Remember last year? Aru (age last year: 25) overtaking Doom (24) on the penultimate stage? Esteban Chaves (25) wearing the red jersey through stage 4 and eventually coming in 5th? Louis Meintjes (23) serving notice that this kid will become a serious GC guy by finishing 10th? Every year there's a couple of kids in the Vuelta who have a breakthrough race and surprise us all by growing up faster than expected. Actually I have no idea if that's true but it certainly was last year and to a lesser extent in 2014 when Aru (24) finished 5th on GC and Barguil (22) 8th. And this year looks like the kids will serve notice once again. Here's a list in order of how likely they will contend for the overall win. Remember these are Txirla's notes so if you disagree take it up with the clam:

  1. Superman aka Miguel Angel Lopez, Astana. Superman is exactly what I'm talking about. He's fresh having raced only 46 days this year. He was dominant in his Suisse tour win. Astana has given him savvy and undivided support: Scarponi (who guided him around Switzerland) Lulu Sanchez, Cataldo, Malacarne, Zeits, Gruzdev, Smukulis, and Vanotti. Folks, that is one serious team for a GC contender. The fact that he's never raced a Grand Tour is a mark against him and keeps him from being mentioned as a serious contender. Don't be fooled. Kid is for real and we'll see it happen here.
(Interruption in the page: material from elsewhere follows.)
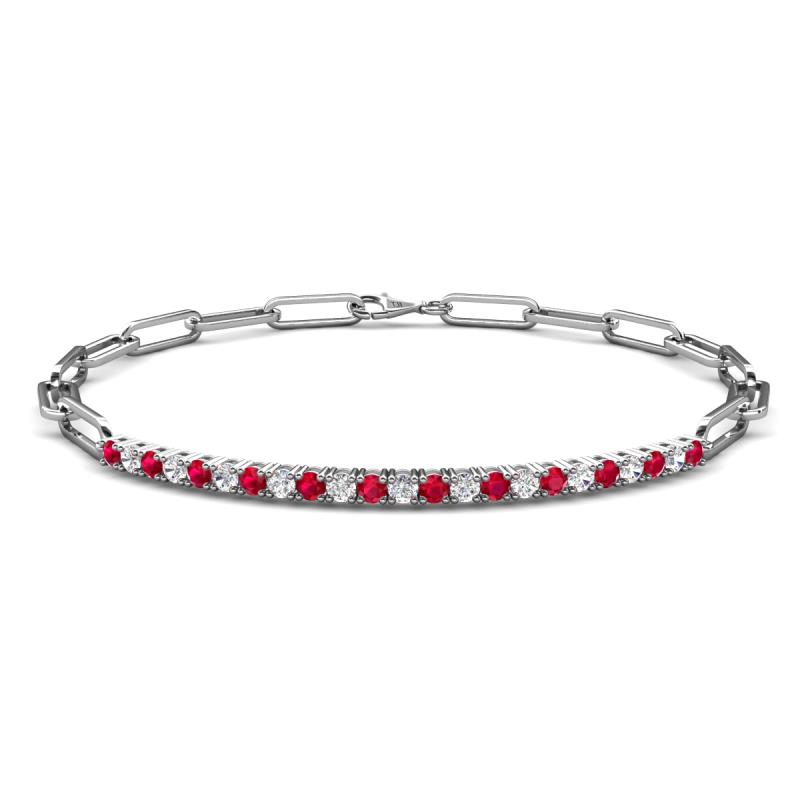 Lily 0.81 ctw Ruby and Lab Grown Diamonds Paperclip Links Tennis  Bracelet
    Miguel Angel Lopez Agence Zoom
  2. Esteban Chaves, Orica. Like Lopez this year, was Chaves last year: no one expected Chaves to do what he did in last year's Vuelta. Since then he backed up his quality with a 2nd place on GC in this year's Giro, falling victim only to Nibali's fantastic last weekend. Since the Giro he's only raced once, in the Olympics so he's only got 38 days racing in the tank. He's got an odd team behind him (odd as in not so supportive) but he's shown twice now that he can contend without the strongest backing. One guy who will be right there with him come business time is...
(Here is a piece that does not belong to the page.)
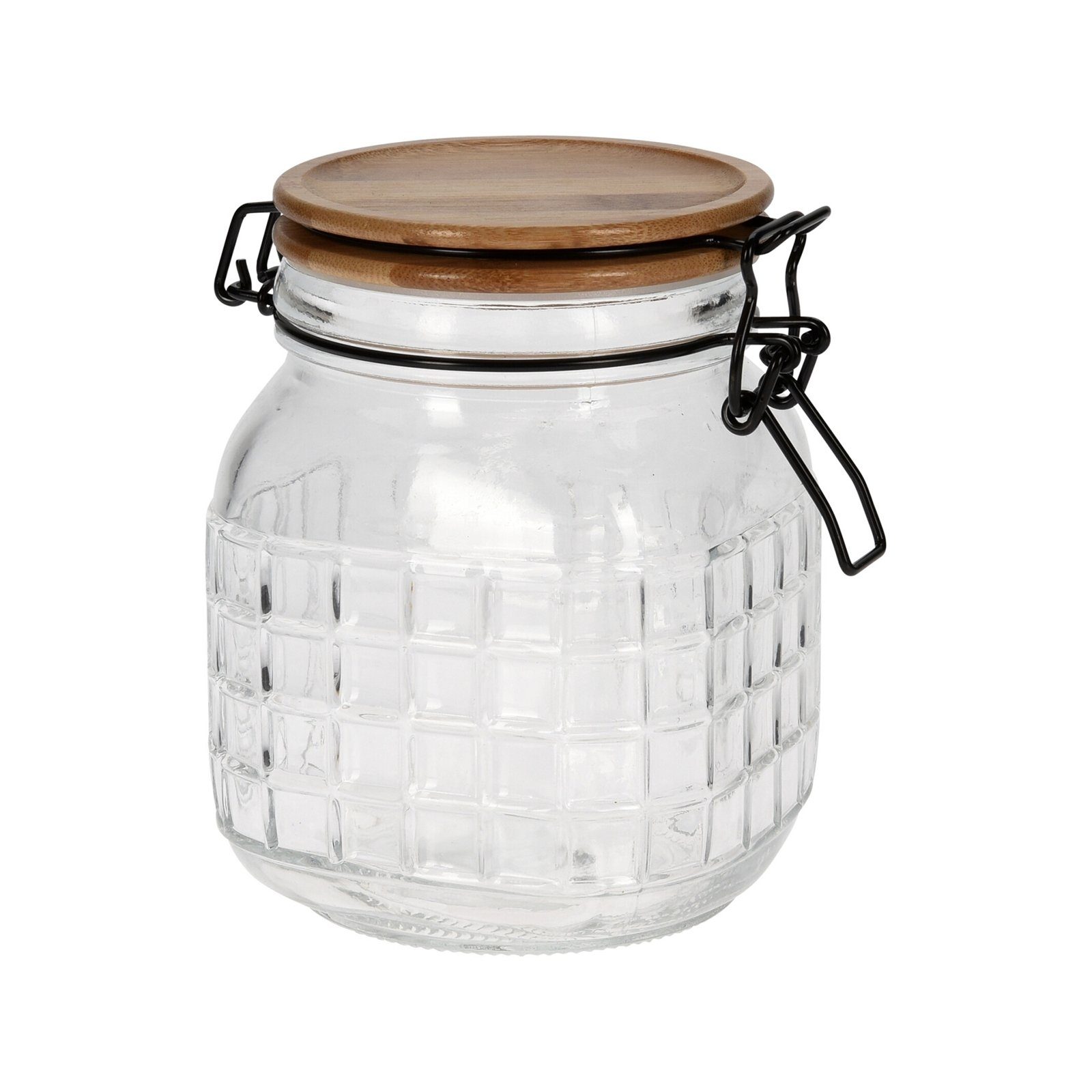 Neuetischkultur Vorratsglas Vorratsglas Bügelverschluss geprägtes Muster, Glas, Bambus, (1-tlg), Vorratsdose Lebensmittelaufbewahrung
  3. Simon Yates, Orica. Unlike Chavez and Lopez, its hard to see him actually win this race-which is just perfect. Simon of course has had a weird year with that doping mini-suspension thingy and for awhile you;d have to wonder if this year was lost to him. But since coming back he's been impressive: after getting his feet (and everything else) wet in Poland, he finished an impressive first in a san Seb warm-up race, then ending up 7th at San Seb , 2nd to Ulissi at the third Basque one day race and finally 4th on GC at Burgos. He's ready and with Chaves Orica might have the best one-two combination of GC riders in the race because of their freshness. (Sorry Movistar.) Oh right-and Simon has just 29 days racing this year.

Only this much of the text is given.